7. El racionalismo del Barroco

Si un arte puede definir y compendiar el período Barroco (siglos XVI y XVII) este es el teatro. La idea de que la vida es un teatro, una comedia o una tragedia —“la vida es sueño”—, impregna la mentalidad barroca. El arte refleja este dramatismo, aunando realismo con fuertes contrastes: el vitalismo convive con el misticismo.

En Europa se forjan los modernos estados, no sin guerras y conflictos de por medio. Francia toma el relevo de España como potencia hegemónica, instaurando el absolutismo con Luis XIV (Rey Sol), mientras Inglaterra vive una conflictiva alternancia entre poderosos monarcas (Enrique VIII, Isabel I) y un severo periodo republicano bajo Cromwell. La España de los Austrias intenta mantener su poder, desangrándose en guerras continuas que arruinan el país.

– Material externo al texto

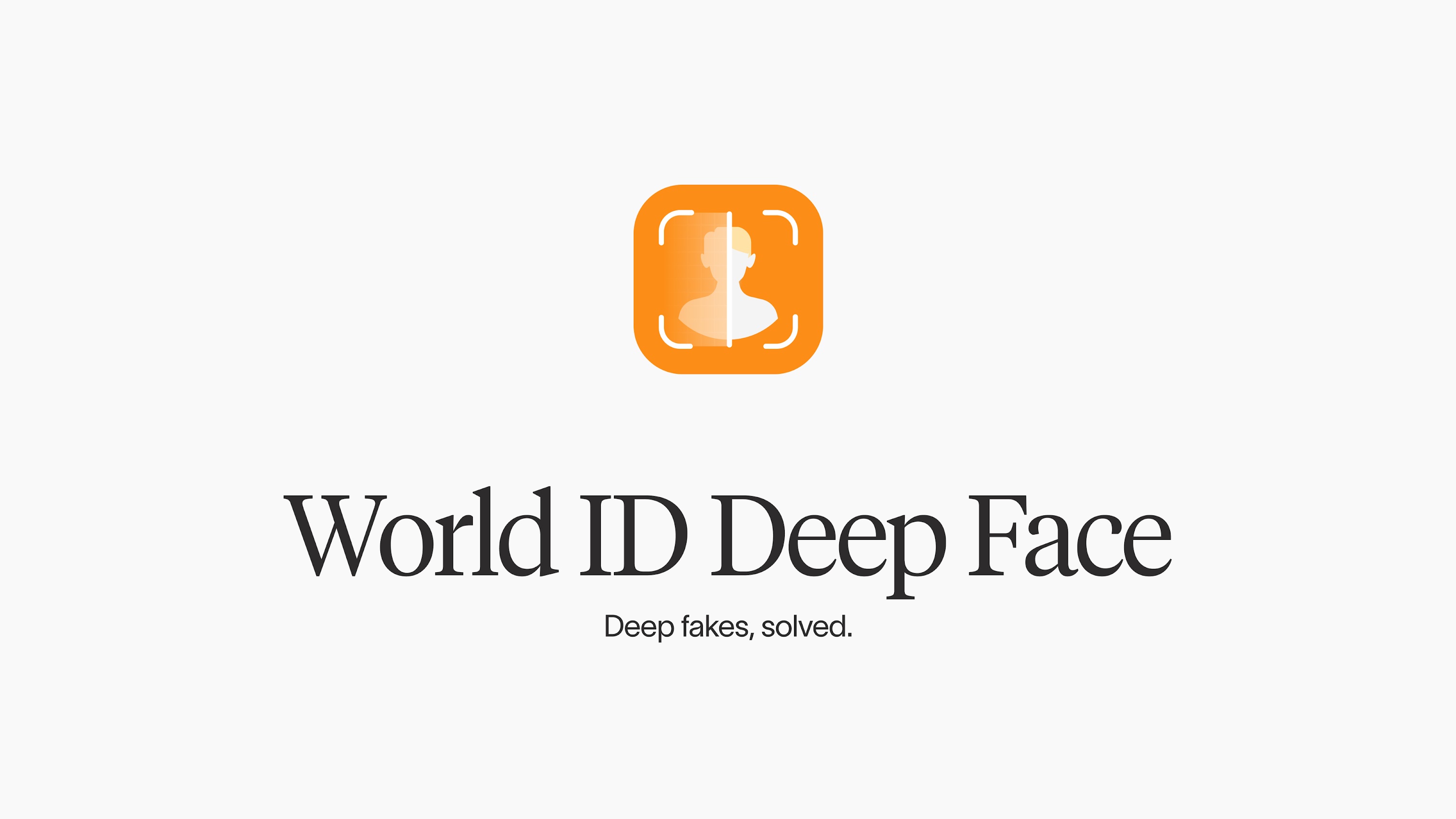 World ID Deep Face logo with the tagline 'Deep fakes, solved.'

El Barroco es también la época del “Siglo de Oro” español: Cervantes, Quevedo, Lope, Góngora, Calderón, escriben en esta época. Santa Teresa y San Juan de la Cruz vuelcan su misticismo en obras literarias, llevando el lenguaje hasta sus límites expresivos. El Greco, Velázquez, Zurbarán y Murillo llenan de pinturas palacios de reyes y monasterios. En arquitectura, el estilo plateresco y el sobrio herreriano buscan eternizar el poderío de un Imperio “donde no se pone el sol” y que, sin embargo, tiene los pies de barro, como denuncian la literatura picaresca y la prosa ácida de Quevedo y Gracián. El arte escultórico religioso también florece con esplendor, mostrando la cara mística y fervorosa de la Contrarreforma.

En filosofía, también se dan posiciones muy contrastadas.

El materialismo es alimentado por el apogeo de las ciencias naturales, especialmente por los trabajos de Newton: todo se rige por leyes físicas.

Hobbes sostiene que el hombre se rige por las leyes del Universo y se organiza por pura necesidad para sobrevivir a un estado caótico de lucha continua contra los demás. Llega a afirmar que todo es materia. La Mettrie, en su obra El hombre máquina, comparte esta idea y aboga por vivir buscando el máximo placer sensual, pues en él se encuentra toda la felicidad posible. Laplace, extraordinario matemático, físico y astrónomo, cree en el determinismo de la materia.

Paralelamente al materialismo, crece el idealismo.
Leibniz, hombre de saber enciclopédico, a caballo entre la escolástica y la moderna lógica, afirma que la existencia es espíritu y que hay una razón o causa para todo: el azar no existe.

Descartes, que bebió de las fuentes de San Agustín, Platón y Sócrates, también fue idealista y creía en un universo dual, donde cabe separar el espíritu de la materia. Su gran empeño fue en crear un sistema filosófico que lograra explicarlo todo mediante la razón. Desarrolló un método que marcó un hito en toda la filosofía moderna: partiendo de la duda metódica, pasar por el análisis, la síntesis y el control y la revisión. Para él, la razón es la única fuente de conocimiento seguro. “Pienso, luego existo”.

Spinoza se mostró muy crítico ante los dogmas y la Biblia (provenía de un entorno judío muy ortodoxo y acabó rechazando su religión). Su filosofía es panteísta —Dios y la Naturaleza son lo mismo— y monista —todo es una sola cosa—. Promovió una ética tolerante basada en el racionalismo. Dios es la causa interna de todo y fuente del pensamiento y la naturaleza extendida. Como todo es uno, no hay lugar para la libertad: todo está predeterminado y ante esto solo cabe una actitud estoica y resignada. Sólo Dios es libre. Al hombre le cabe buscar la felicidad en una actitud desapasionada, pues la pasión impide la felicidad y la armonía. Una buena manera de lograr esta paz es verlo todo “sub specie aeternitatis”, es decir, desde los ojos de la eternidad, aceptando el determinismo del cosmos.